One of the key issues of the bill is the changes in the determination of working time which - as the official opposition has pointed out - lead to unpaid overtime and the abolition of the 8-hour working day. In the opposite of the proposal that wants workers to work 10 hours a day, SYRIZA in the decision of the Political Council contrasts the «reduction of the working week from 40 hours to 35 hours without a reduction in wages, following a sectoral impact assessment and consultation of the social partners and compensatory measures to reduce labour costs».

N. Iliopoulos: wage reduction measures

The issue of working time was discussed in detail by the party's spokesman Nassos Iliopoulos. He noted in a radio interview with the radio station «Sto Kokkino» that «this bill abolishes the 8-hour week, brings unpaid overtime - which means a pay cut- when it allows, for example, a worker to work 10 hours a day for 6 months and not be paid a single hour of overtime.» He recalled that «one of the first things the New Democrats did when they came into government was to reduce the fines of the labour inspectorate».

N.Iliopoulos also spoke about the issue of fines for violations of labor legislation, noting that the government has already made changes in favour of the employer side. As he said «in May 2017, a large systemic bank paid a fine of €1.6 million for unpaid overtime to employees.
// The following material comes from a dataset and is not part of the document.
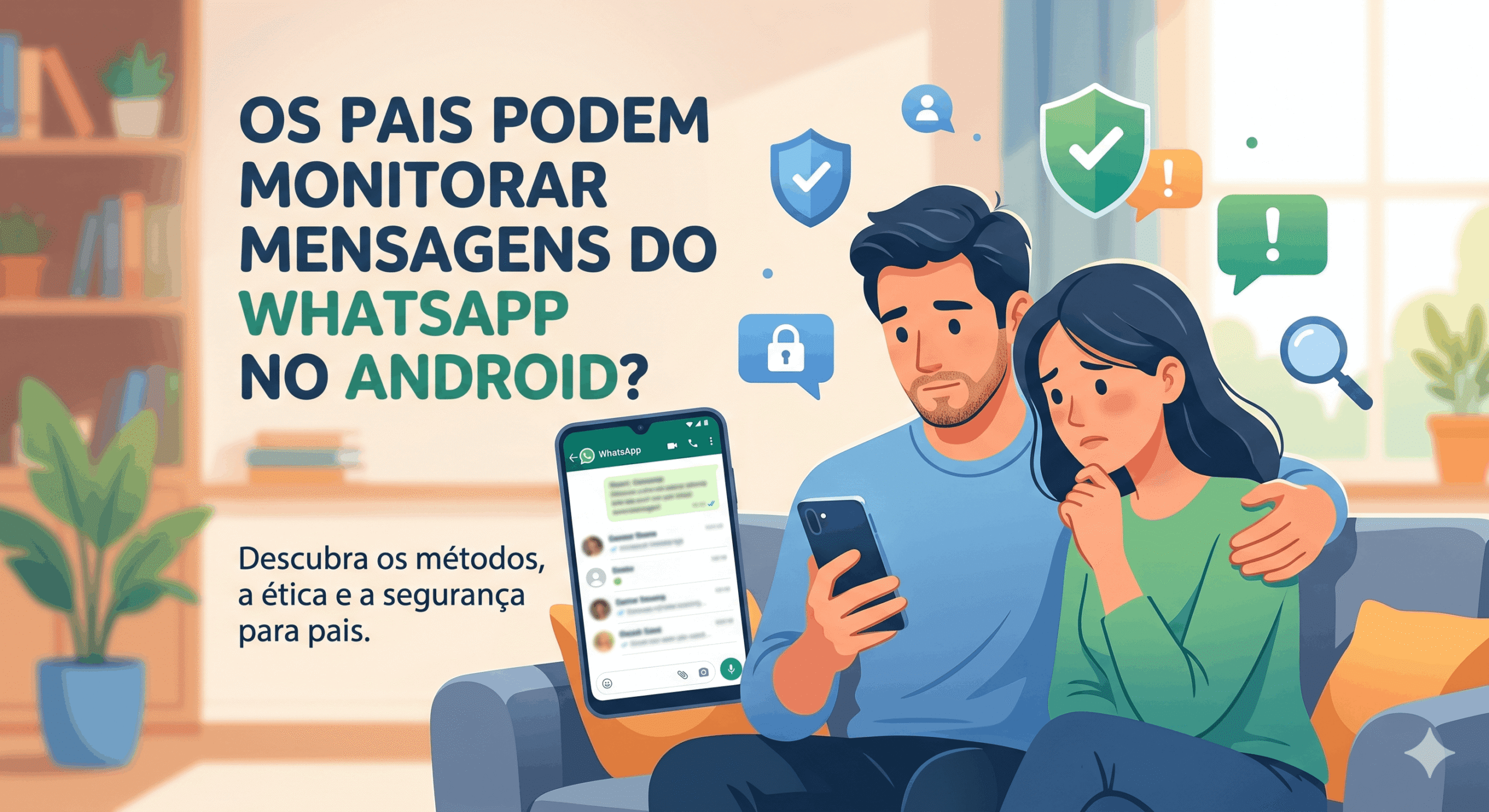 Os Pais Podem Monitorar Mensagens do WhatsApp no Android?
Under the current framework established by the government, the same fine would be only 109,000 euros.» They added that «we have a government which not only abolishes the 8-hour working day and introduces unpaid overtime, but at the same time it also dismantles any framework for controlling employer arbitrariness. It supports employer malfeasance and legitimises unpaid work.».

Also - noted Nassos Iliopoulos - this political choice essentially recommends a pay cut. He pointed out that «in 2012 when this policy was implemented, the minimum wage was reduced by 23% overnight, the minimum wage for young people under 25 was introduced minus 32% and collective agreements were abolished, arguing that this will curb unemployment and bring about economic recovery. But the year these interventions were made, we had the worst recession and the worst unemployment in the crisis period.